NOTE: All of the criteria above (with the exception of #3) should be clearly detailed in the course syllabus for students. Regarding criteria #8 (i.e. the “F Clause”), we suggest the following standard wording: “Students must pass the ‘W’ component of the course in order to pass the course.”
1. First Year Writing placement options for first year students at the University of Connecticut will vary depending upon their incoming qualifications.
Honors: Honors Students may choose English 2011, a three-credit seminar taught by full-time faculty, to fulfill the First Year Writing requirement.
SAT Placement Scores: Students with Verbal SAT (VSAT) scores of 430 and below are automatically placed in English 1004. There is no pre-class appeal. Student writing is evaluated after the first week of the term. In rare cases it is possible, based on that writing and with the approval of the Director of First Year Writing, for a student to be moved into an ENGL 1007, 1010, or 1011 section.
Students with VSAT scores of 440-540 have the option to enroll in either ENGL 1004 or ENGL 1007, 1010, or 1011. Student writing is evaluated after the first week of the semester and all inconsistencies brought to the attention of the Director of First Year Writing. At this point a student may be placed in a course more appropriate to his or her writing. All students who remain in English 1004 must pass that course in order to move on to ENGL 1007, 1010, or 1011.
Students with VSAT Scores above 540 have the option to enroll in either ENGL 1007, 1010, or 1011.
2. Connecticut Community College Transfer Students: There is an articulation agreement with each community college that prescribes which two, three-credit community college courses fulfill UConn’s First Year Writing requirement. Four of these six credits count toward the four-credit First Year Writing requirement; the other two credits come in as elective.

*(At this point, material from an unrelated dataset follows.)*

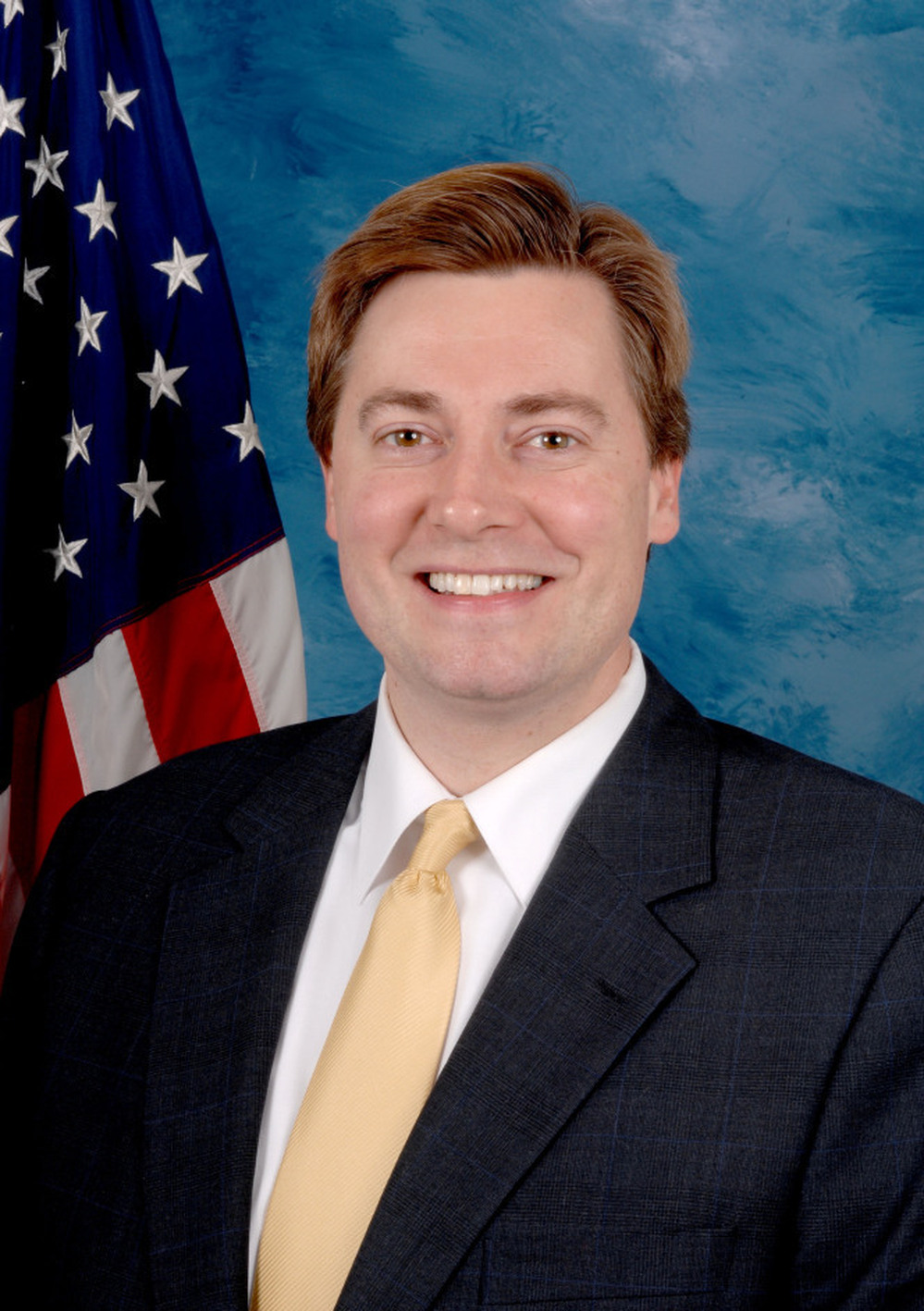 Rep. Jason Altmire, D-Pa.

3. Transfer students from other Connecticut colleges and from out-of-state: These students are assessed on a case-by-case basis by the Dean of their school or college. For students in CLAS, please contact Mansour Ndiaye. For students in all other schools and colleges, please consult your advisor for directions on how to request a course substitution. Please note that substitutions for W courses are rare, as courses must fulfill all W criteria and are at the discretion of the school and college Deans or their designees.
1. All students must take either ENGL 1007, 1010, 1011, or 2011. Students with Advanced Placement English scores of 4 or 5 are exempted from the ENGL 1007/1010/1011/2011 requirement.
2. Additionally, all students must take two writing-intensive courses, one of which must be approved for the student’s major (see Departmental Responsibility above). These courses may also satisfy other Content Area requirements. (Note: ENGL 1007/ 1010/1011/2011 are a prerequisite to all writing-intensive courses.)
3. A writing-intensive course approved for the student’s major does not have any credit-hour restriction, but it is to be at the 2000+level.